The novel is 576 pages of tiny print, and with no dominant plot-line, it moves very slowly.  Not a book for literary lightweights.  The narrative is meandering and incredibly dense, which might not sound like a good thing, but fortunately the narrative is delightfully meandering and dense.  Initially, I found my attention wandering to other books as I questioned the relevance of the novel, and was slightly put off by the choppy format.  What eventually hooked me in was Lessing's detailed, complex, and vivid character sketches.  Let's be honest, wonderful and compelling characters are very common in children's literature, but become rarities in adult literature.  Lessing broke through my lack of expectations with beautifully drawn secondary characters, but most importantly with the complicated, shrewd, and intensely relatable, Anna Wulf.  Anna's wit, intelligence, and insight lead you through the novel when the narrative slows down.  A million little clever insights run through Anna's narrative and make it impossible to breeze through the lengthy novel; each one deserves focus and thought.

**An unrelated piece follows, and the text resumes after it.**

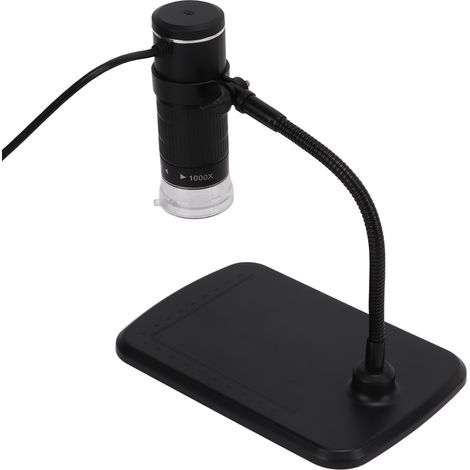 AN104 3-in-1-Elektromikroskop, Mehrzweck-Mikroskop mit USB-C-Anschluss für Mobiltelefone und Computer (1/5)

This book is a writer's book.  The format is comprised of five different journals and a short novella, chopped up and alternated throughout the text, making the novel a narratological academic's dream.  The book is as much about writing as it is about psychology, feminism, and political commitment.  It's the kind of book that makes you want to put pen to paper.

The Golden Notebook is very much of it's time: we watch the reaction in the communist party to Stalin's death, and pity Anna and her single friend for being branded loose women simply because they are not married (they are a bit loose, but that's not the point). But there is plenty in the novel modern readers will find relatable, from Anna's struggle to commit to a political cause and her weary attempts to balance political idealism and realism, to her attempt to distance her own self-perception from the misogynist, Madonna/whore perceptions of her held by the men she sleeps with. 

The only real part of the novel I felt distanced from was the ending, involving a disturbing sexual partner and Anna's further descent into madness.  I felt less connected to Anna in this section; as she loses herself in her partner, she lost a bit of her relatability.

However, there are not many 576-page long novels that you don't want to end.  I spent a long time meandering in Anna's mind, and I would have happily meandered longer.